Let
- $d\in\left\{1,\ldots,4\right\}$
- $\Lambda\subseteq\mathbb R^d$ be bounded, nonempty and open
- $\mathcal V:=\left\{\phi\in C_c^\infty(\Lambda,\mathbb R^d):\nabla\cdot\phi=0\right\}$, $V:=\overline{\mathcal V}^{\left\|\;\cdot\;\right\|_{H^1(\Lambda,\:\mathbb R^d)}}$ and $H:=\overline{\mathcal V}^{\left\|\;\cdot\;\right\|_{L^2(\Lambda,\:\mathbb R^d)}}$
- $\mathfrak a(u,v):=\sum_{i=1}^d\langle\nabla u_i,\nabla v_i\rangle_{L^2}$ for $u,v\in V$
- $\mathfrak b(u,v,w):=\langle((u\cdot\nabla)v,w\rangle_{L^2}$ for $u,v,w\in V$
- $\nu>0$
- $f\in L^2(\Lambda,\mathbb R^d)$
I've found proofs showing that there is a $u\in V$ with $$\tilde{\mathfrak a}(u,v):=\nu\mathfrak a(u,v)+\mathfrak b(u,u,v)=\langle f,v\rangle_{L^2(\Lambda,\:\mathbb R^d)}=:\ell(v)\;\;\;\text{for all }v\in V\tag1$$ using the (Leray-)Schauder fixed-point theorem.

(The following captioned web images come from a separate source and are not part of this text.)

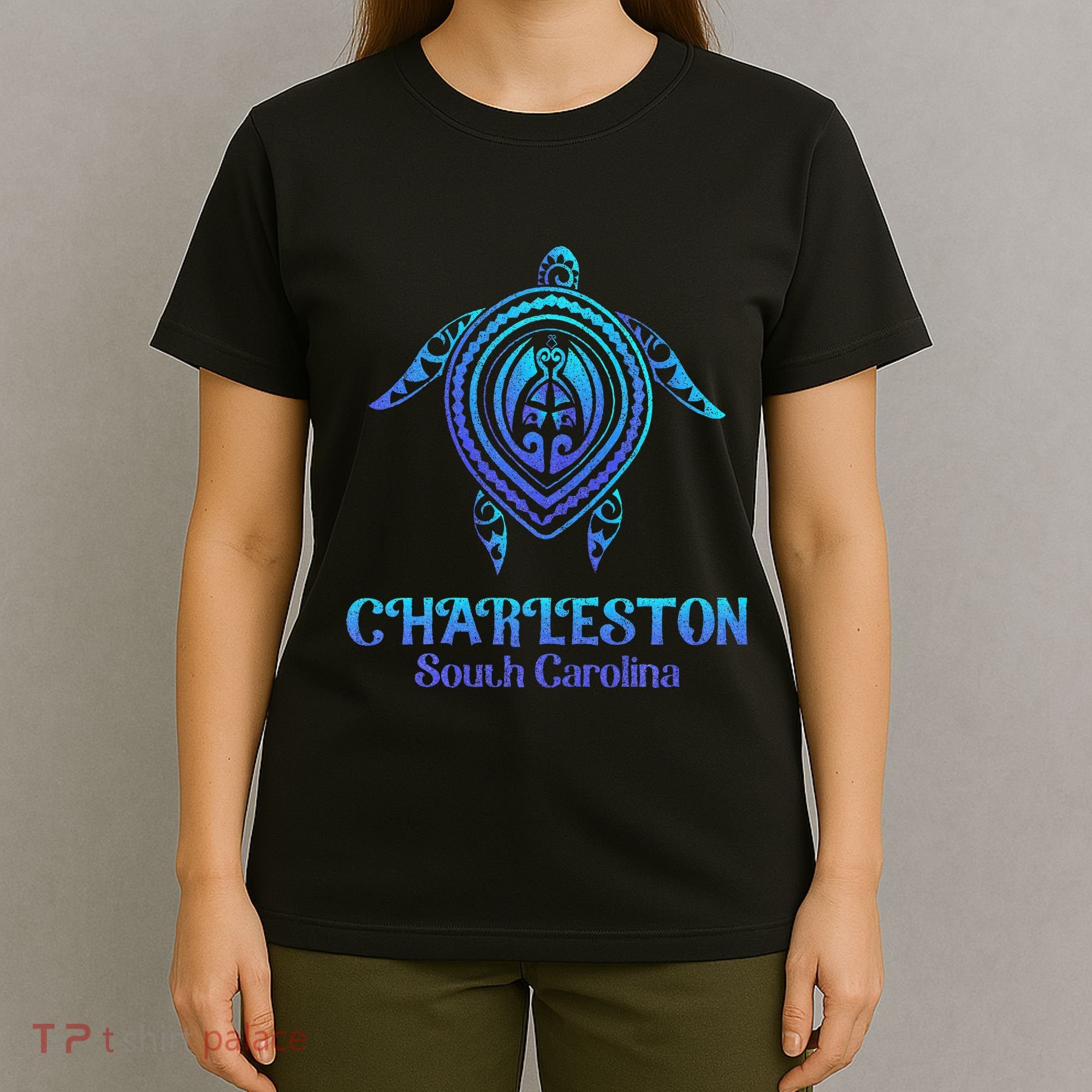 Charleston South Carolina Beach Charleston Sc Sea Turtle T-Shirt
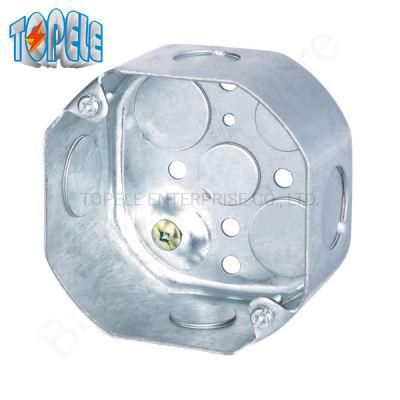 1-1/2&quot; Deep Octagon Box/ Metal Octagon Box/ 4 Octagon Steel Junction Conduit Box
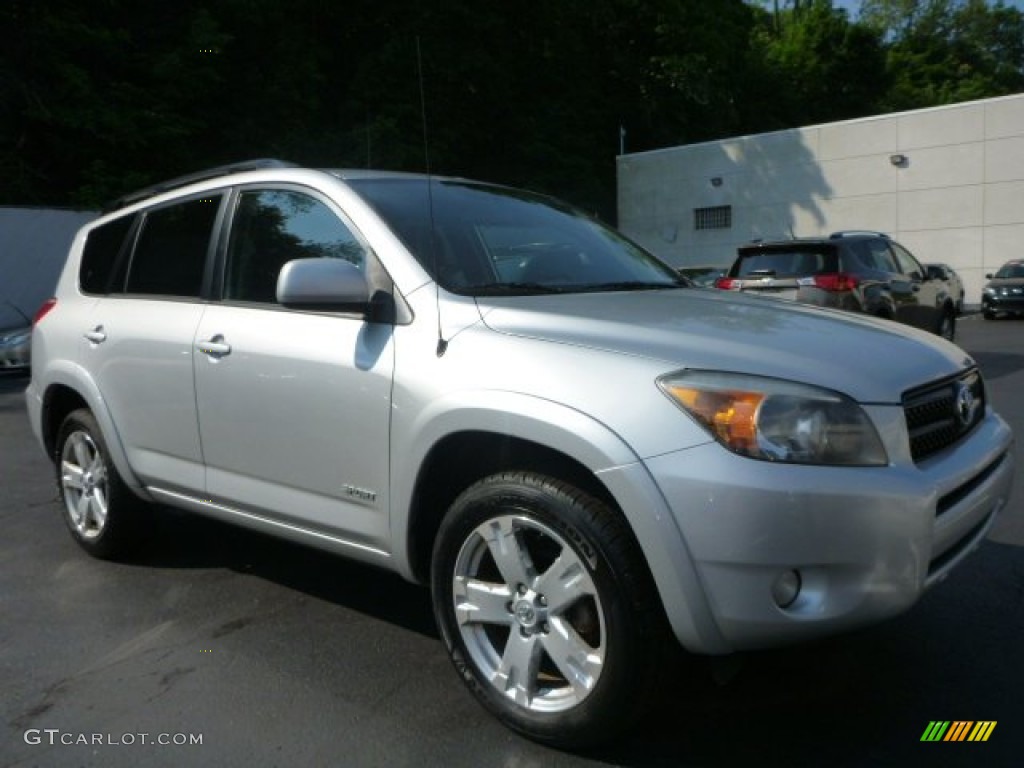 2007 RAV4 Sport 4WD - Classic Silver Metallic / Dark Charcoal photo #1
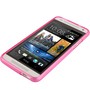 Schutzh�lle TPU Case f�r Handy HTC One mini M4 Pink Transparent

However, doesn't the existence (and even uniqueness) of such a $u$ simply follow from the Lax-Milgram theorem?
It's well-known that
- $\mathfrak a$ is a bounded and coercive bilinear form on $H_0^1(\Lambda,\mathbb R^d)$
- $\mathfrak b$ is a bounded trilinear form on $H_0^1(\Lambda,\mathbb R^d)$ with $$\mathfrak b(u,v,w)+\mathfrak b(u,w,v)=-\langle\left(\nabla\cdot u\right)v,w\rangle_{L^2(\Lambda,\:\mathbb R^d)}\;\;\;\text{for all }u,v,w\in H_0^1(\Lambda,\mathbb R^d)\tag2$$
Since $$\tilde{\mathfrak a}(u,u)=\nu\mathfrak a(u,u)+\underbrace{\mathfrak b(u,u,u)}_{=\:0}=\nu\mathfrak a(u,u)\;\;\;\text{for all }u\in V\tag3\;,$$ $\tilde{\mathfrak a}$ is a bounded and coercive bilinear form on $V$. Moreover, $\ell$ is a bounded linear functional on $V$. So, there should be a unique $u\in V$ with $(1)$ by the Lax-Milgram theorem.
What am I missing?
What I was missing is that $$V\times V\ni(u,v)\mapsto\mathfrak b(u,u,v)$$ (and hence $\tilde{\mathfrak a}$) is not bilinear. It's obvious, but I missed that. However, we can use the Lax-Milgram theorem to show that for all $u\in V$ there is a unique $\Phi(u)\in V$ with $$\nu\mathfrak a(\Phi(u),v)+\mathfrak b(u,\Phi(u),v)=\ell(v)\tag4\;.$$ Now, the Schauder fixed-point theorem can be used to show that $\Phi$ has a fixed-point.